About this task — Copy, exactly as written, the lines that begin at the one containing "So it's slightly" and end at the one containing "And then you". Skip any pictures in the data below.

Data records —

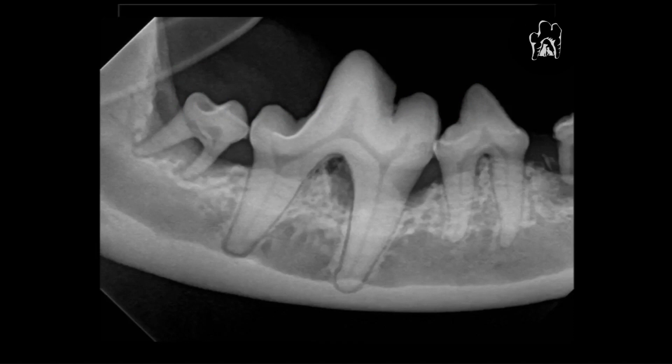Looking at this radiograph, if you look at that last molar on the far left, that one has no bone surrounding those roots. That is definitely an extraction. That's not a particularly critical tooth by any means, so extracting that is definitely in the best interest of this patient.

* * *

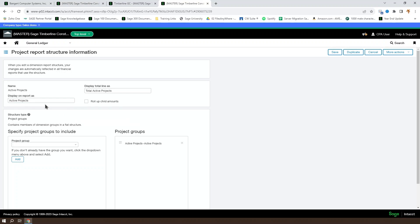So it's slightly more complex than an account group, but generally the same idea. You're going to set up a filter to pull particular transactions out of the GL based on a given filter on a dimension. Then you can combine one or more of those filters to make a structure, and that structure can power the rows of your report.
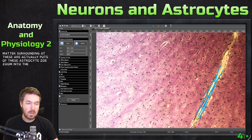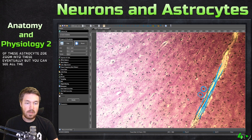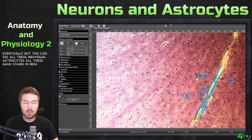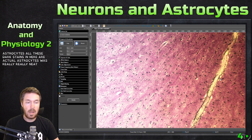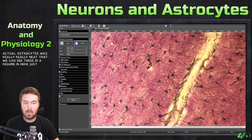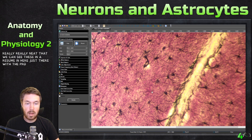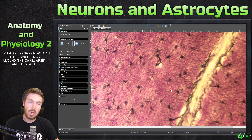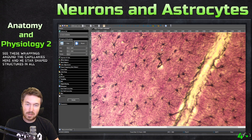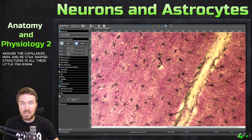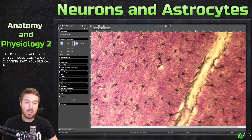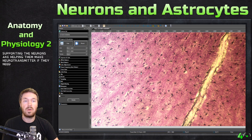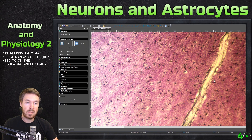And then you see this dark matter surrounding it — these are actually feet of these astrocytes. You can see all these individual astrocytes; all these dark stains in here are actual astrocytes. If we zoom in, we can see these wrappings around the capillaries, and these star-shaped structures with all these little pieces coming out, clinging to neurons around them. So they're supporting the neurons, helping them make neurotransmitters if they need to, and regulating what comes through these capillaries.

---

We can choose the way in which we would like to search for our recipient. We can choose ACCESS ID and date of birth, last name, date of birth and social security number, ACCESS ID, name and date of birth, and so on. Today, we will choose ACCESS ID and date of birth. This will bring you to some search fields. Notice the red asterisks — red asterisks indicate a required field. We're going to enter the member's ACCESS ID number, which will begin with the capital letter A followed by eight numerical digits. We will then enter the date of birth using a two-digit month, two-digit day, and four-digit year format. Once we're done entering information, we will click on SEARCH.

Result of the task —
So it's slightly more complex than an account group, but generally the same idea. You're going to set up a filter to pull particular transactions out of the GL based on a given filter on a dimension. Then you can combine one or more of those filters to make a structure, and that structure can power the rows of your report.
And then you see this dark matter surrounding it — these are actually feet of these astrocytes. You can see all these individual astrocytes; all these dark stains in here are actual astrocytes. If we zoom in, we can see these wrappings around the capillaries, and these star-shaped structures with all these little pieces coming out, clinging to neurons around them. So they're supporting the neurons, helping them make neurotransmitters if they need to, and regulating what comes through these capillaries.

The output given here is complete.